Work item =
Transcribe the entire listing, keeping each word as it is.

Task inputs =
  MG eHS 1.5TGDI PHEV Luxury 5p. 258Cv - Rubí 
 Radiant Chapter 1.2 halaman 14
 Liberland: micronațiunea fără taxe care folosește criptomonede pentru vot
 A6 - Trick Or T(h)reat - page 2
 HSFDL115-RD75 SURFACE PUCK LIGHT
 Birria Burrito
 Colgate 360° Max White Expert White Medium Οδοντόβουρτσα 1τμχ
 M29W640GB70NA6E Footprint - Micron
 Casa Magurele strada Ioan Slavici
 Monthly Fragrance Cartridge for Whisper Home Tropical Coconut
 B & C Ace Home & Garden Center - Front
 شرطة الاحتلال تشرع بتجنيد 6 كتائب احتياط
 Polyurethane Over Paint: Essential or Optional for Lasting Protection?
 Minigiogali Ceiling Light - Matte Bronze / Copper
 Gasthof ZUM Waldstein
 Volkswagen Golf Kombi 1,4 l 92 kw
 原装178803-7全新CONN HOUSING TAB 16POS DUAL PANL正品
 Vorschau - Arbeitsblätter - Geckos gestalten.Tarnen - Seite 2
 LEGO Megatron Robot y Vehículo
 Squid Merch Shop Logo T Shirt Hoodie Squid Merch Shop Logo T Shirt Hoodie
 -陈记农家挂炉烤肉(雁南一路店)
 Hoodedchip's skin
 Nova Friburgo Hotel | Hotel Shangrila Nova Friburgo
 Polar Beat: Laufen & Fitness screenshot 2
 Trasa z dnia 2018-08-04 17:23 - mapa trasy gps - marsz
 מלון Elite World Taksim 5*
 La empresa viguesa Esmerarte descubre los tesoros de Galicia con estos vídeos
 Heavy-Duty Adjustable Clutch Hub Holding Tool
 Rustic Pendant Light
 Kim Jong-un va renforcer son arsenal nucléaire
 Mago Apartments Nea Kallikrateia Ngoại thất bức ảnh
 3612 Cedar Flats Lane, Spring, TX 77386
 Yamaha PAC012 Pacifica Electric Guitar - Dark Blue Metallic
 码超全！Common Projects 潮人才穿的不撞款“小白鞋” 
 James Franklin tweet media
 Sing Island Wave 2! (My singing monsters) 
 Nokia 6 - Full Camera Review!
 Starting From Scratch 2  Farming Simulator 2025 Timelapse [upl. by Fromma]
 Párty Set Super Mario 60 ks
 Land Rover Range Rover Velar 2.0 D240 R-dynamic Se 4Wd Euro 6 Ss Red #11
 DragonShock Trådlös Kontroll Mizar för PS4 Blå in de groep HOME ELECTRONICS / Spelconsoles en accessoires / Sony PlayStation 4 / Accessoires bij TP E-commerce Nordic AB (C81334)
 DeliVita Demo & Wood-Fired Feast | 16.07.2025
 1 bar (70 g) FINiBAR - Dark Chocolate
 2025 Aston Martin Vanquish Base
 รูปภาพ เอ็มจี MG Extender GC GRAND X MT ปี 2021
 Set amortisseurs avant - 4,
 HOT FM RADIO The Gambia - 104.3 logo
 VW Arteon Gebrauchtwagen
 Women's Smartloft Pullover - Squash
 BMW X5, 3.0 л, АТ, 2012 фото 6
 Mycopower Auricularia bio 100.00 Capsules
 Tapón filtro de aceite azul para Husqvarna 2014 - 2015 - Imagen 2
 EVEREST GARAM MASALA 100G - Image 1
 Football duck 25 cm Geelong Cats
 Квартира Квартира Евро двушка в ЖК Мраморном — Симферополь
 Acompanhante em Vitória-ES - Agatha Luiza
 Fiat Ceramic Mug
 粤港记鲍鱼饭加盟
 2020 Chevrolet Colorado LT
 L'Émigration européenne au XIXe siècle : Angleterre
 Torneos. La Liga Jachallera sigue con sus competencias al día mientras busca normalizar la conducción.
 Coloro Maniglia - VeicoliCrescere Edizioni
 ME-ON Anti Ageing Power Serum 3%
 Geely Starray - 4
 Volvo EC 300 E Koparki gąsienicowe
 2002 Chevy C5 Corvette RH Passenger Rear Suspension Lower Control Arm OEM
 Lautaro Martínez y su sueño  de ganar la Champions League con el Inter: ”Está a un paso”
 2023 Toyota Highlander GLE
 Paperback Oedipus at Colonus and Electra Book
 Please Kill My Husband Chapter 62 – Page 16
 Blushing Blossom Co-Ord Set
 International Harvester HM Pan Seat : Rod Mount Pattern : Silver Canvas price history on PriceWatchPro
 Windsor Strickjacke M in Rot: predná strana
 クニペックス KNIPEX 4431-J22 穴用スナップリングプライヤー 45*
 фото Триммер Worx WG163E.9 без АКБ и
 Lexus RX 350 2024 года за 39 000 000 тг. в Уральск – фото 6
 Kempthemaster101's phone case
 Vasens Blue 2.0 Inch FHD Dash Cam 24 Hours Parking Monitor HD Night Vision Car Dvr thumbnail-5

Answer to this problem =
  MG eHS 1.5TGDI PHEV Luxury 5p. 258Cv - Rubí 
 Radiant Chapter 1.2 halaman 14
 Liberland: micronațiunea fără taxe care folosește criptomonede pentru vot
 A6 - Trick Or T(h)reat - page 2
 HSFDL115-RD75 SURFACE PUCK LIGHT
 Birria Burrito
 Colgate 360° Max White Expert White Medium Οδοντόβουρτσα 1τμχ
 M29W640GB70NA6E Footprint - Micron
 Casa Magurele strada Ioan Slavici
 Monthly Fragrance Cartridge for Whisper Home Tropical Coconut
 B & C Ace Home & Garden Center - Front
 شرطة الاحتلال تشرع بتجنيد 6 كتائب احتياط
 Polyurethane Over Paint: Essential or Optional for Lasting Protection?
 Minigiogali Ceiling Light - Matte Bronze / Copper
 Gasthof ZUM Waldstein
 Volkswagen Golf Kombi 1,4 l 92 kw
 原装178803-7全新CONN HOUSING TAB 16POS DUAL PANL正品
 Vorschau - Arbeitsblätter - Geckos gestalten.Tarnen - Seite 2
 LEGO Megatron Robot y Vehículo
 Squid Merch Shop Logo T Shirt Hoodie Squid Merch Shop Logo T Shirt Hoodie
 -陈记农家挂炉烤肉(雁南一路店)
 Hoodedchip's skin
 Nova Friburgo Hotel | Hotel Shangrila Nova Friburgo
 Polar Beat: Laufen & Fitness screenshot 2
 Trasa z dnia 2018-08-04 17:23 - mapa trasy gps - marsz
 מלון Elite World Taksim 5*
 La empresa viguesa Esmerarte descubre los tesoros de Galicia con estos vídeos
 Heavy-Duty Adjustable Clutch Hub Holding Tool
 Rustic Pendant Light
 Kim Jong-un va renforcer son arsenal nucléaire
 Mago Apartments Nea Kallikrateia Ngoại thất bức ảnh
 3612 Cedar Flats Lane, Spring, TX 77386
 Yamaha PAC012 Pacifica Electric Guitar - Dark Blue Metallic
 码超全！Common Projects 潮人才穿的不撞款“小白鞋” 
 James Franklin tweet media
 Sing Island Wave 2! (My singing monsters) 
 Nokia 6 - Full Camera Review!
 Starting From Scratch 2  Farming Simulator 2025 Timelapse [upl. by Fromma]
 Párty Set Super Mario 60 ks
 Land Rover Range Rover Velar 2.0 D240 R-dynamic Se 4Wd Euro 6 Ss Red #11
 DragonShock Trådlös Kontroll Mizar för PS4 Blå in de groep HOME ELECTRONICS / Spelconsoles en accessoires / Sony PlayStation 4 / Accessoires bij TP E-commerce Nordic AB (C81334)
 DeliVita Demo & Wood-Fired Feast | 16.07.2025
 1 bar (70 g) FINiBAR - Dark Chocolate
 2025 Aston Martin Vanquish Base
 รูปภาพ เอ็มจี MG Extender GC GRAND X MT ปี 2021
 Set amortisseurs avant - 4,
 HOT FM RADIO The Gambia - 104.3 logo
 VW Arteon Gebrauchtwagen
 Women's Smartloft Pullover - Squash
 BMW X5, 3.0 л, АТ, 2012 фото 6
 Mycopower Auricularia bio 100.00 Capsules
 Tapón filtro de aceite azul para Husqvarna 2014 - 2015 - Imagen 2
 EVEREST GARAM MASALA 100G - Image 1
 Football duck 25 cm Geelong Cats
 Квартира Квартира Евро двушка в ЖК Мраморном — Симферополь
 Acompanhante em Vitória-ES - Agatha Luiza
 Fiat Ceramic Mug
 粤港记鲍鱼饭加盟
 2020 Chevrolet Colorado LT
 L'Émigration européenne au XIXe siècle : Angleterre
 Torneos. La Liga Jachallera sigue con sus competencias al día mientras busca normalizar la conducción.
 Coloro Maniglia - VeicoliCrescere Edizioni
 ME-ON Anti Ageing Power Serum 3%
 Geely Starray - 4
 Volvo EC 300 E Koparki gąsienicowe
 2002 Chevy C5 Corvette RH Passenger Rear Suspension Lower Control Arm OEM
 Lautaro Martínez y su sueño  de ganar la Champions League con el Inter: ”Está a un paso”
 2023 Toyota Highlander GLE
 Paperback Oedipus at Colonus and Electra Book
 Please Kill My Husband Chapter 62 – Page 16
 Blushing Blossom Co-Ord Set
 International Harvester HM Pan Seat : Rod Mount Pattern : Silver Canvas price history on PriceWatchPro
 Windsor Strickjacke M in Rot: predná strana
 クニペックス KNIPEX 4431-J22 穴用スナップリングプライヤー 45*
 фото Триммер Worx WG163E.9 без АКБ и
 Lexus RX 350 2024 года за 39 000 000 тг. в Уральск – фото 6
 Kempthemaster101's phone case
 Vasens Blue 2.0 Inch FHD Dash Cam 24 Hours Parking Monitor HD Night Vision Car Dvr thumbnail-5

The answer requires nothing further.